I’ve yet to get a knock on the door from the local police or Child Protective Services (CPS) after this hypothetical scenario took place, but if they do come knocking I would just like to let it be known that this scenario is purely hypothetical.
It got me thinking, though, about why this woman thought it appropriate to call law enforcement. As far as I know, no child has ever died after being left in a car on a cool day while his or her parent ran an errand. Every tragic car death case we have heard about (and we hear about them plenty) is either the result of a child being forgotten for many hours on a hot day or, in one case, what appears to have been a murder masked as an accident.
What can you do to make this errand safer? Obviously, as I mentioned previously, your kids will no longer be riding in a car anyway. But what is even more dangerous than a child waiting in a parked vehicle is, statistically, walking across a parking lot or along a sidewalk. Not only is driving off-limits, but walking across or adjacent to any surface where cars drive is also verboten.

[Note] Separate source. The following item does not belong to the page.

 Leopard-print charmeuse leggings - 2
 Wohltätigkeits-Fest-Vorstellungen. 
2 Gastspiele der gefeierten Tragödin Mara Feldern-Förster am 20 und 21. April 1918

Now, all of these suggestions might seem a bit extreme, but based on the great lengths our society now goes to in order to shield children from any and all possible harm, are they really too much to ask? (Read that last line with the intonation of this famous cartoon mother.) If we’re really serious about keeping our kids safe, let’s keep an eye on the statistics to keep track of what could actually harm them. If you’re not willing to go to these extreme lengths, maybe you could practice the emerging new parenting philosophy titled, “Calm The Eff Down, Mom and Dad.”